3.3 Convex Optimization

Convex optimization focuses on a special class of optimization problems where global optimality can be guaranteed. These problems occur when the objective function is convex and the constraints define convex sets. In this setting, strong duality holds — meaning the optimal values of the primal and dual problems are equal.


3.3.1 Convex Sets and Functions

Definition 3.6 A convex set \(C\) is one in which the line segment between any two points lies entirely within the set: \[ \theta x + (1 - \theta)y \in C, \quad \text{for all } x, y \in C \text{ and } 0 \le \theta \le 1. \]

Example 3.10 A Convex Set in \(\mathbb{R}^2\)

Consider the set \[ C = \left\{ (x,y) \in \mathbb{R}^2 \;\middle|\; x^2 + y^2 \le 4 \right\}, \] which is the closed disk of radius 2 centered at the origin. We will demonstrate that the set is convex using two example points.
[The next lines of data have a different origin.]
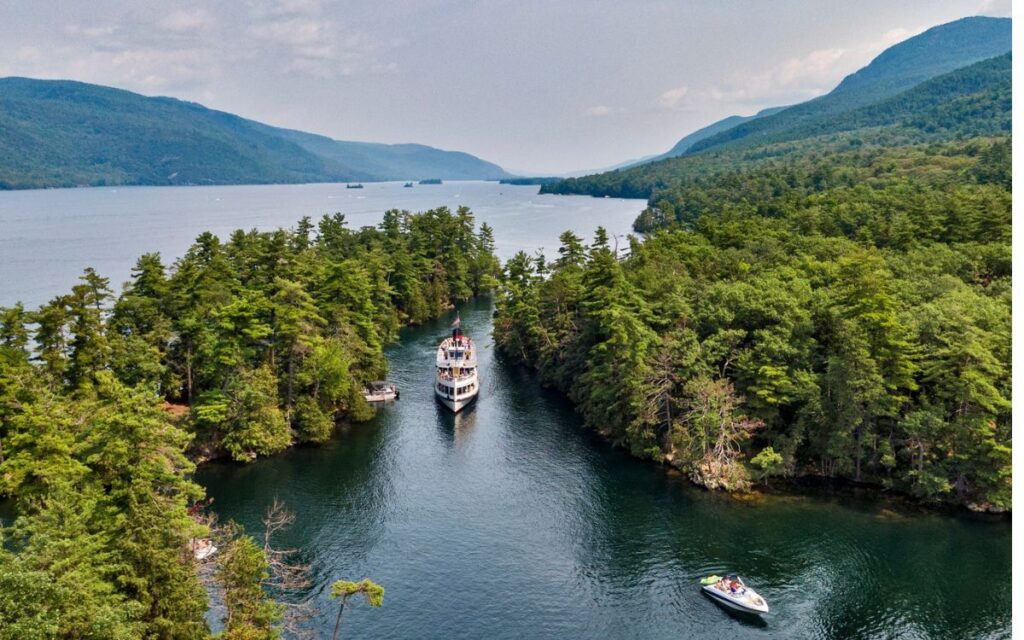 11-romantic-vacations-in-new-york-lake-george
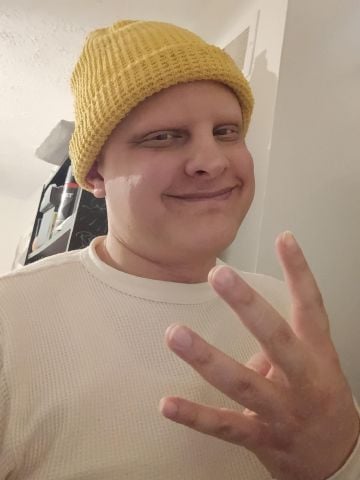 Bloim is Single in DAVENPORT, Iowa, 5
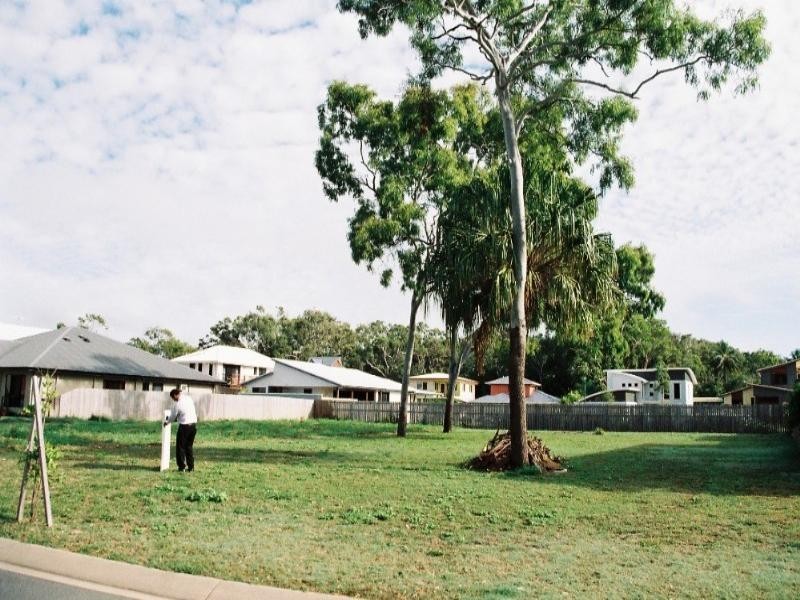15 Turtle Place, Blacks Beach QLD 4740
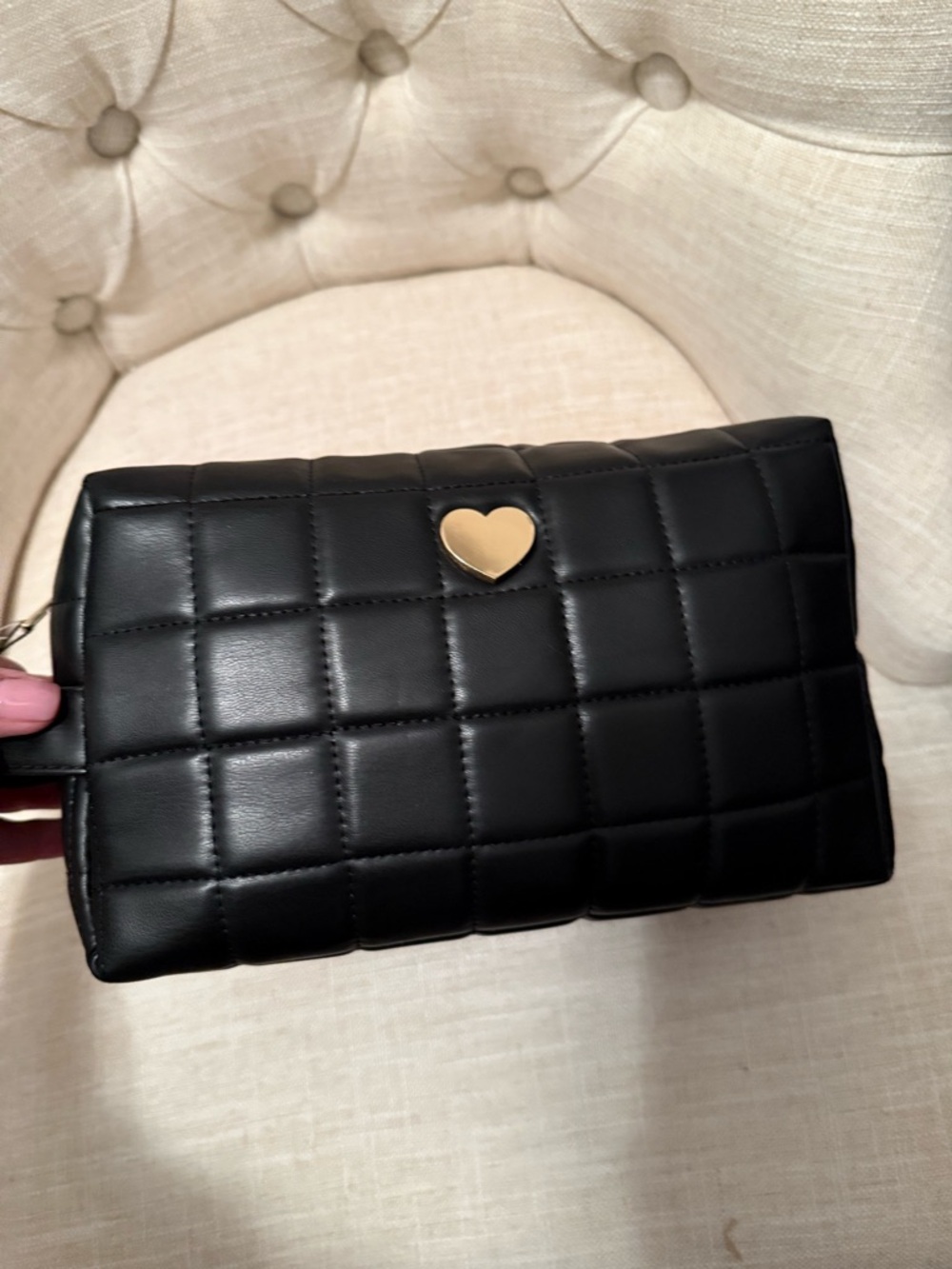 Black Quilted Heart Accent Women's Cosmetic case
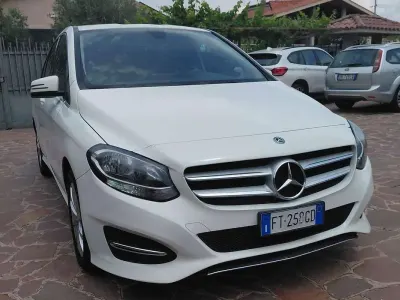 Usata Mercedes B200 Executive 136 CV (100 kW) 2019 Utilitaria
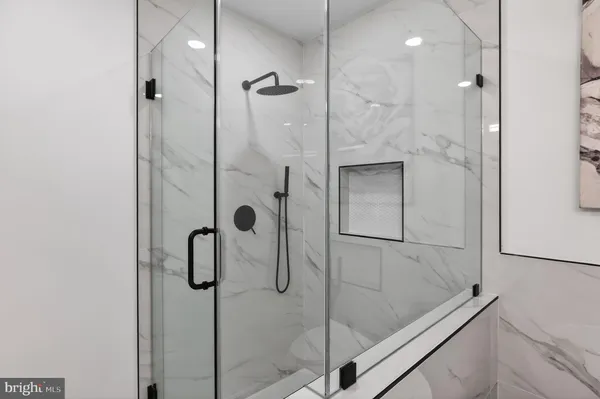 $849,000 | 2932 Yost Place Northeast, Washington, DC 20018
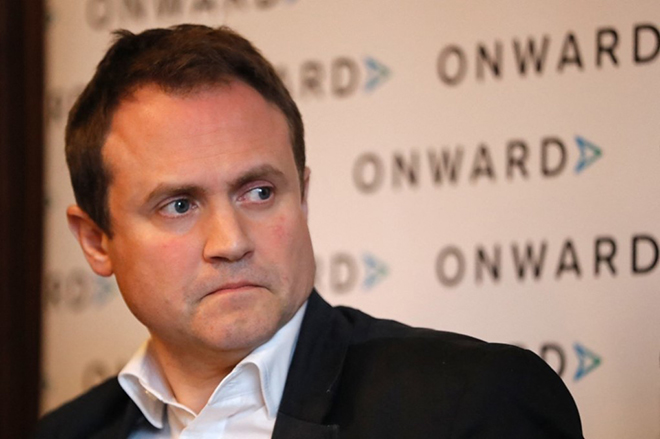 Nghị sĩ Anh Tom Tugendhat  trong buổi họp tháng 4/2019 tại Westminster, London.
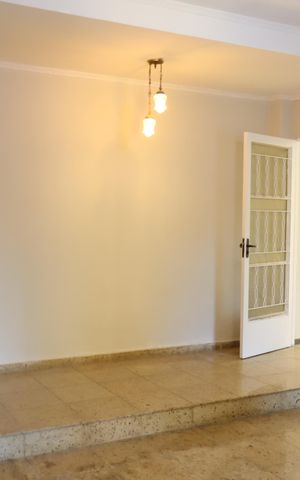 Casa para alugar com 215m², 3 quartos e 2 vagasSala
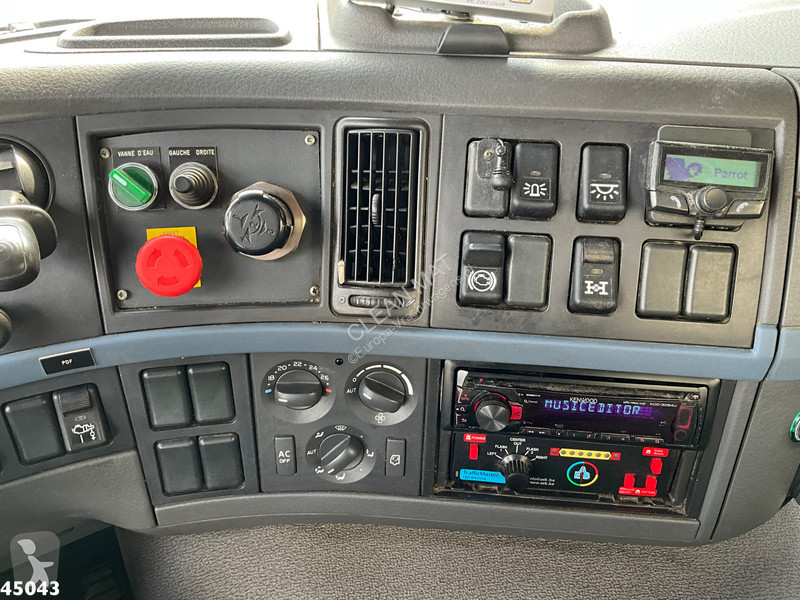 Engin de voirie Volvo 340 6x4 7m³ Combi...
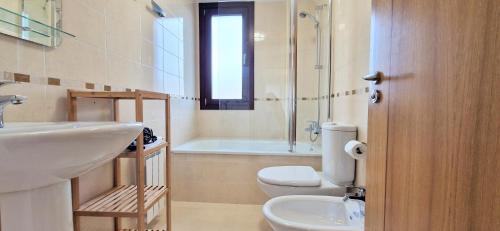 科隆布雷斯Apartamento I&F Colombres by Casas de Los Picos的一间带水槽、卫生间和淋浴的浴室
A complete proof requires selecting arbitrary points in \(C\).

Let \[ \mathbf{x} = (1,1), \qquad \mathbf{y} = (-1,0). \] For any \(0 \le \theta \le 1\), consider the line connection the points \[ \theta \mathbf{x} + (1-\theta)\mathbf{y} = \theta(1,1) + (1-\theta)(-1,0) = (2\theta - 1,\; \theta). \] We compute the squared norm: \[ (2\theta - 1)^2 + \theta^2 = 4\theta^2 - 4\theta + 1 + \theta^2 = 5\theta^2 - 4\theta + 1. \] For \(0 \le \theta \le 1\), \[ 5\theta^2 - 4\theta + 1 \le 2 < 4. \] Thus, \[ (2\theta - 1,\; \theta) \in C \quad \text{for all } 0 \le \theta \le 1. \] Since every convex combination of any two points in \(C\) remains in \(C\), we know that it is a convex set. Geometrically, this means every line segment between two points inside the disk stays entirely inside the disk, illustrating the definition of convexity for a set.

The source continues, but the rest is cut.